Any mangoes interested in a Christmas Eve morning fish at Rickett's Point? I know it is the busy season, but it's been a few weeks since my last saltwater fix, and I feel like my head is going to pop. I hear the weather has been pretty wild down here, but there should be a window of opportunity Sunday morning:

Sunday 
West to southwesterly wind around 10 knots in the morning. Wind shifting
southwest to southerly and strengthening to 20 to 25 knots during the afternoon and evening. Waves around half a metre rising to 1 to 1.5 metres later.

This also looks like the last chance for a few days since 20+ knot winds are forecast for monday and tuesday.

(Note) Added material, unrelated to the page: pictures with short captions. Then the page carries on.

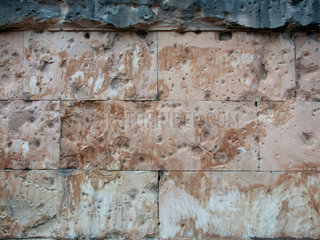 Berlin  Fassade mit Einschussloechern aus dem 2. Weltkrieg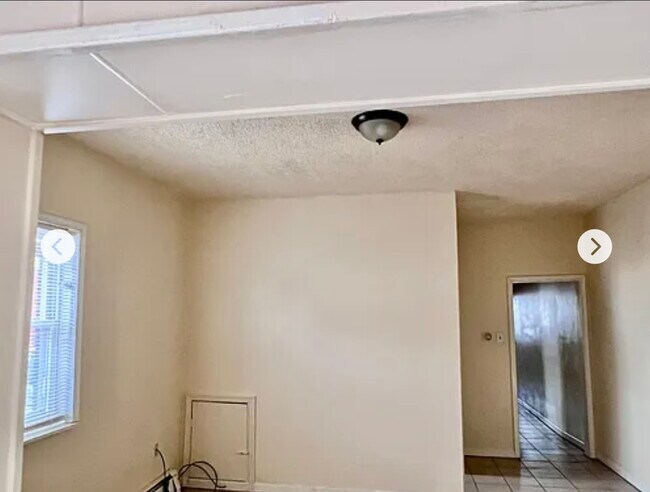 Foto del edificio - 6301 Reedland St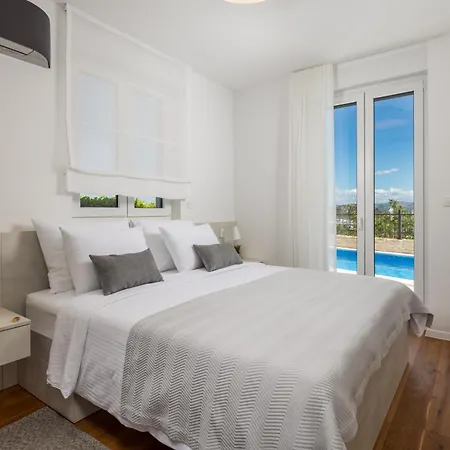 Luxury La With Private Pool And Garden * Murter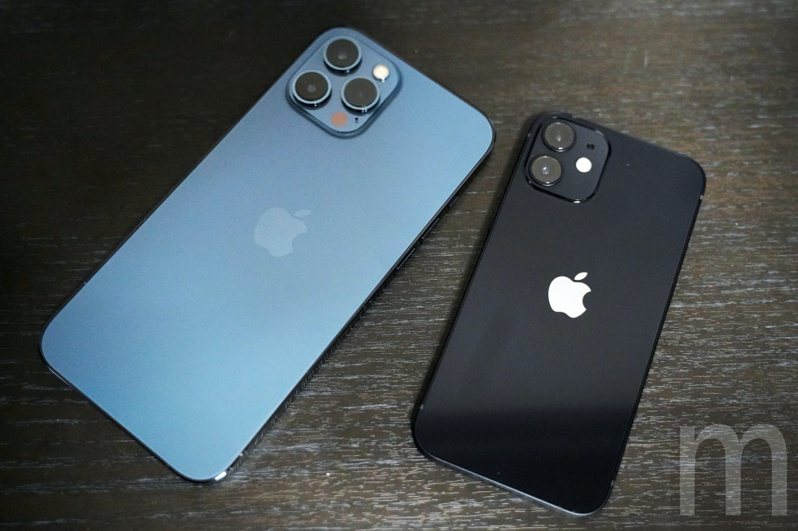 ▲iPhone 12 Pro Max、iPhone 12 mini外觀比較
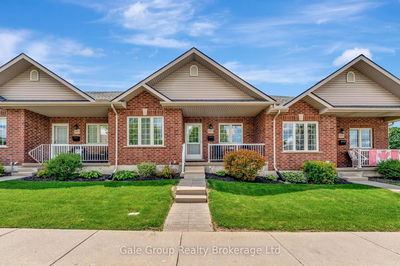 693 Southwood Way, Woodstock - South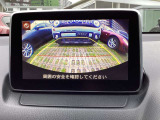 カラーで後方映像をモニターに映し出してくれるので、ショッピングモールのような狭い駐車場であったとしても障害物を見つけ、楽々駐車することができますね。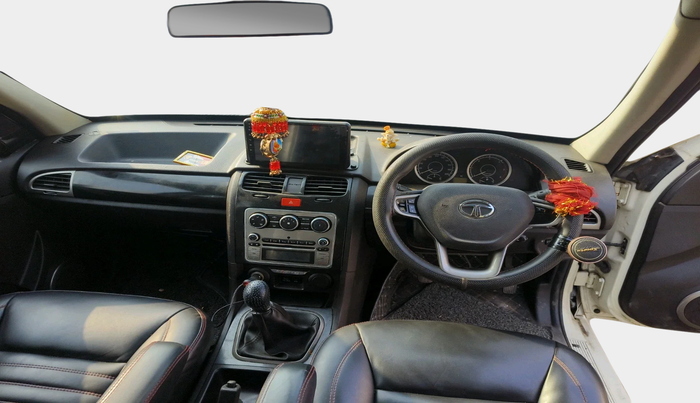 2017 Tata Safari Storme 2.2 EX 4X2, Diesel, Manual, 73,859 km, interior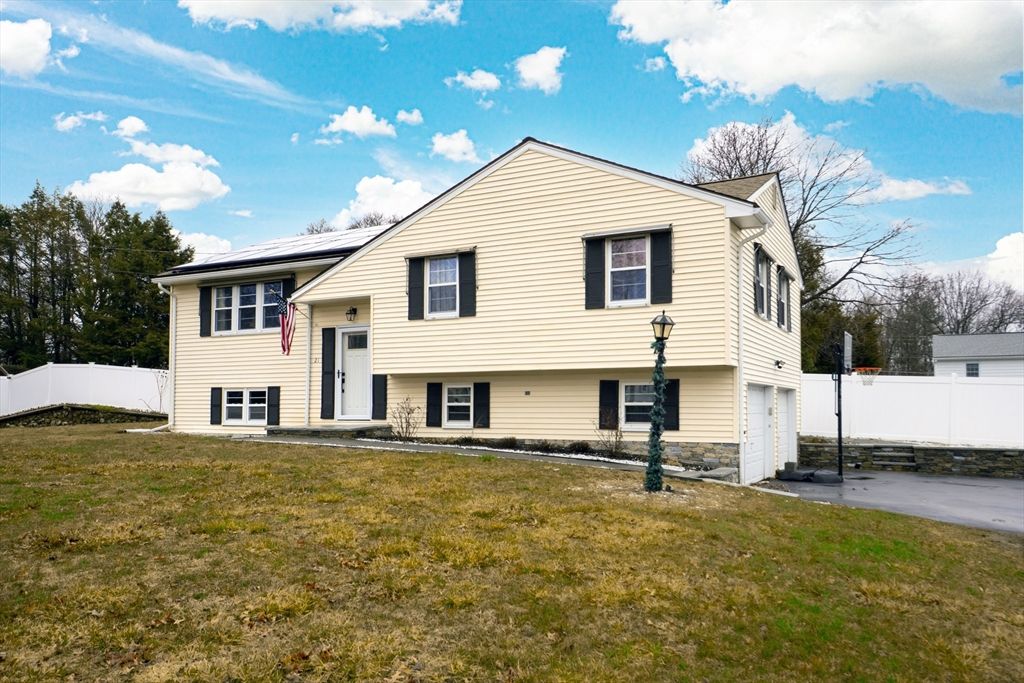21 Taft St, Milford, MA 01757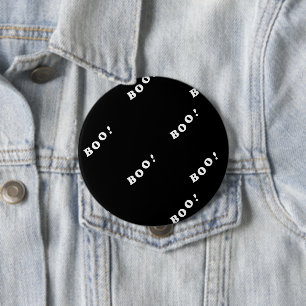 Halloween boo words on black 10 cm round badge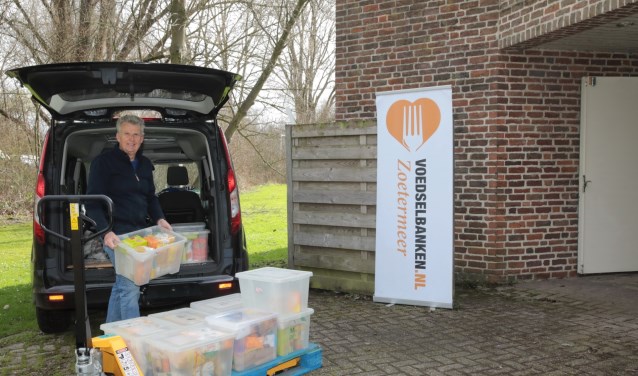 Ruud Mons, coördinator van de Voedselbank Zoetermeer is bezig goederen uit zijn bestelwagen te halen. Foto: Jan van Es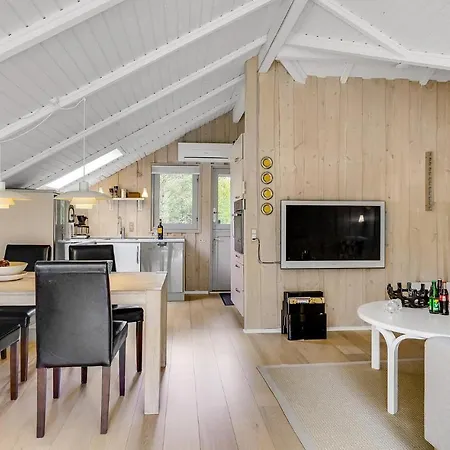 Beautiful In With Kitchen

I'll be aiming for a 6am launch, and off the water by 10 or 11.


----------



## Y-Knot (Sep 26, 2006)

g'day Jason, cant make it for the 24th but geez its sounds good at 10 knots.gonna be in Sydney for xmas(dammit) should be back on the 28th if your still around and the weather settles a bit. 8) 
hope SANTA delivers ya a big 'ol jolly snapper mate :wink:


----------



## PhilipL (Apr 15, 2006)

Not for me tomorrow Jason. Good to see you're back and into it already. Hopefully you're around for a bit so and can catch up for a fish before heading back.
Philip


----------